Bu ayrıntılı incelemeler sırasında Atatürk’ün ayakkabısı, pantolon beli ve gömlek yakası gibi pek çok ayrıntıda 42 rakamına rastladım. Bu sebeple “Sarı Zeybek” koleksiyonu için 42 adet kıyafet seçtik.
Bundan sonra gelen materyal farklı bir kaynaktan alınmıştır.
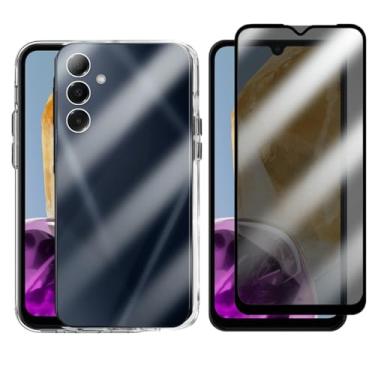 Imagem de Kit Capa Capinha Clear Case Space Compatível Samsung Galaxy M15 e Película 3d Privacidade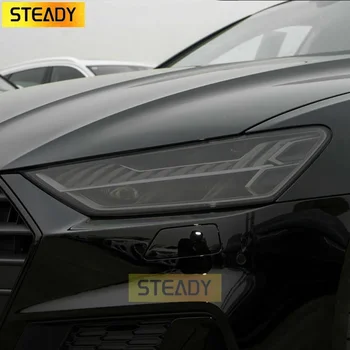 Auto Lukturu aizsargplēvi Lukturis Nokrāsu Taillight Caurspīdīgs Melns TPU Uzlīme Audi A7 S7 4K 2019-Klāt Piederumi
İlk defile 1998 yılında Dolmabahçe Sarayı’nda 1750 davetlinin katılımıyla gerçekleşti. İkinci defileyi 2006 yılında Anıtkabir’de gerçekleştirdik. O günün anlamı ve önemi gerçekten müthişti. Anıtkabir ilk defa saat 17.00’den sonra kapılarını bu defile için açarak 5 bin davetliye ev sahipliği yaptı. Ulu Önder’in ebedi istirahatgahında gerçekleştirdiğimiz bu özel defile sırasında semalarda F16 jetlerinin saygı uçuşu yapması o güne ayrı bir anlam ifade kattı. Çocukken Ankara’ya ilk gelişimde Anıtkabir’in 11’inci merdiveninde annemle fotoğraf çektirmiştim. Sarı Zeybek Defilesi’nin ardından bana plaket verdikleri basamak yine 11’inci basamaktı… Ve ikinci fotoğrafım, gelecek nesillere cumhuriyetin ruhunu yansıtmayı amaçladığım koleksiyonumun gösterisinde aldığım plaketle oldu.
Tarih: 1998 - 2006
Yer: Dolmabahçe Sarayı - Anıtkabir



2. PADİŞAHIN ESVABI DEFİLESİ
Padişahın Esvabı” adlı proje, 36 Padişah, 6 Valide Sultan, 1 Şehzade, 1 Çengi ve 624 yıla ait. Kendi kültürümüze sahip çıkmak ve yeni nesile iyi yapılmış işler bırakmamız gerektiğine inanmaktayım. Projemiz, üzerinde çalışıp ve araştırdıkça büyüdü. Öncelikle Osmanlı dönemine ait bütün kıyafet verilerini ve 624 yıllık Osmanlı ve Selçuklu dönemini incelemeye başladım.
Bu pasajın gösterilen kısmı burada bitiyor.